PROBLEM: Copy out each line below verbatim, skipping any picture.

SUPPLIED DATA:
-------------------------

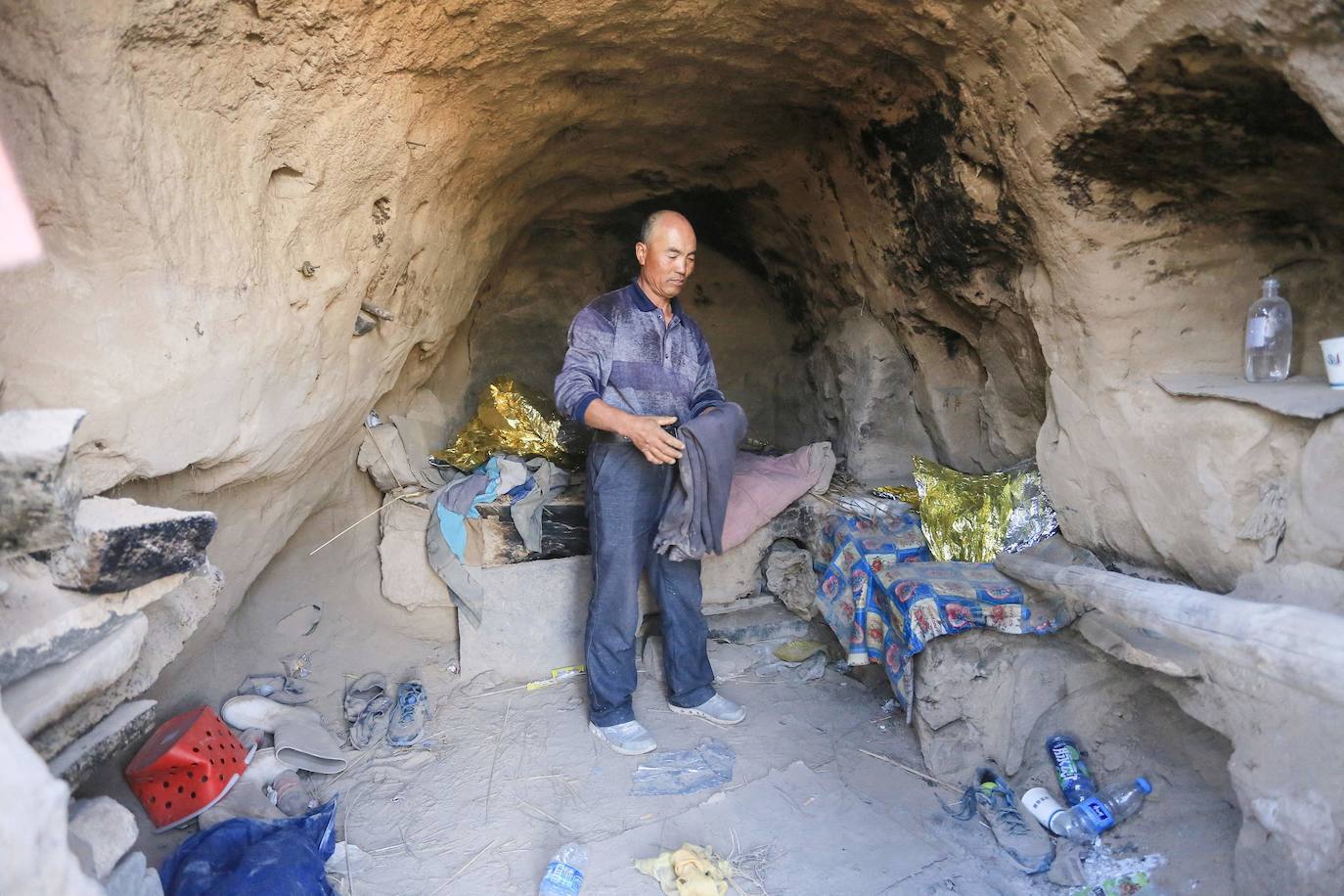 El pastor Zhu Keming, aclamado como un héroe en China por rescatar a seis corredores, muestra la vivienda-cueva donde refugió a los atletas afectados cerca de la ciudad de Baiyin.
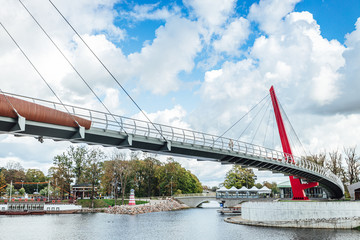Obraz premium Modern pedestrian bridge over river in city of Jelgava.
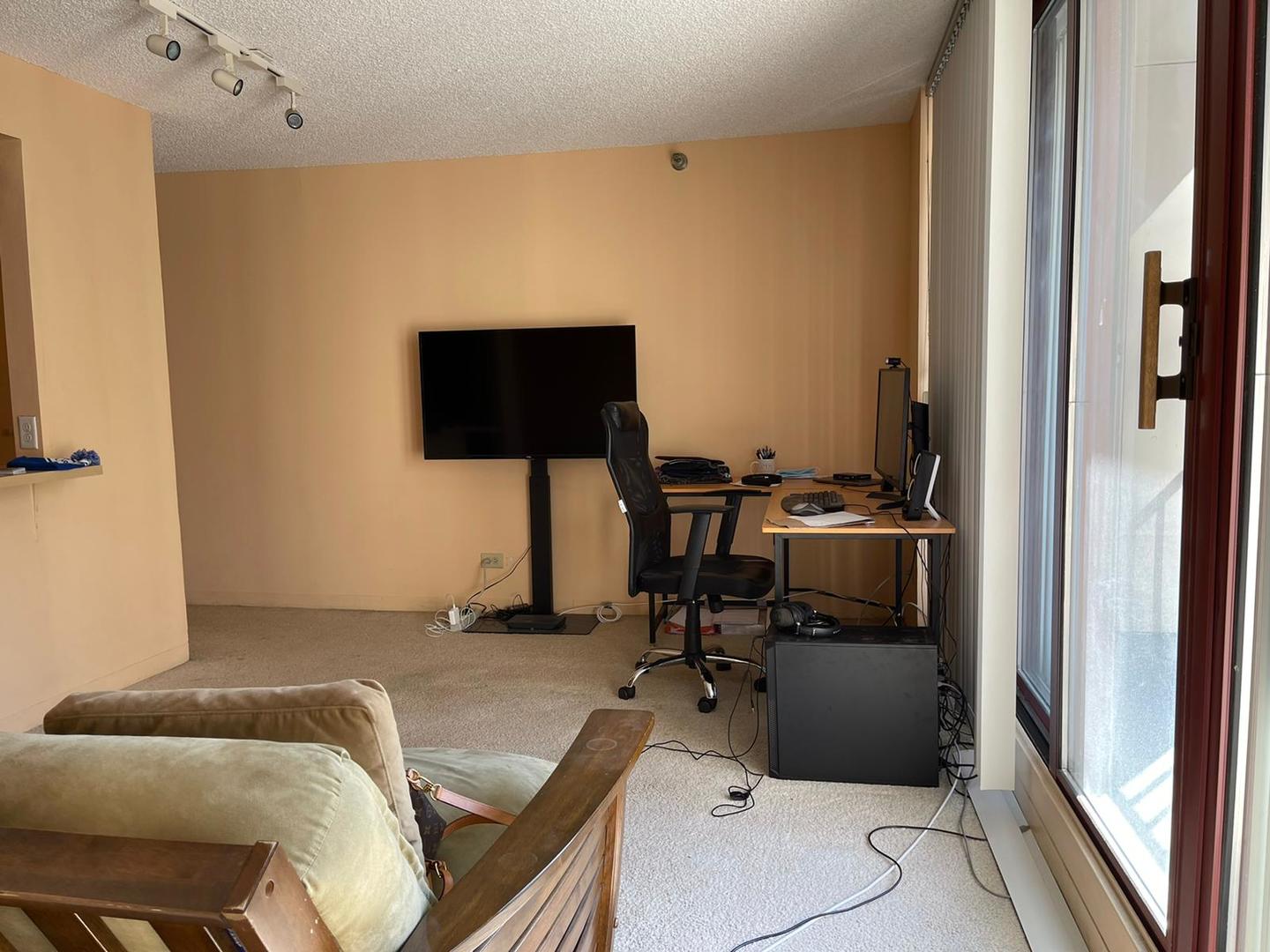 200 North Dearborn Street, Unit 1901 Chicago, IL 60601 - Photo 10 of 24 a room with furniture and a flat screen tv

-------------------------

RESPONSE TO THIS TASK:
 El pastor Zhu Keming, aclamado como un héroe en China por rescatar a seis corredores, muestra la vivienda-cueva donde refugió a los atletas afectados cerca de la ciudad de Baiyin.
Obraz premium Modern pedestrian bridge over river in city of Jelgava.
 200 North Dearborn Street, Unit 1901 Chicago, IL 60601 - Photo 10 of 24 a room with furniture and a flat screen tv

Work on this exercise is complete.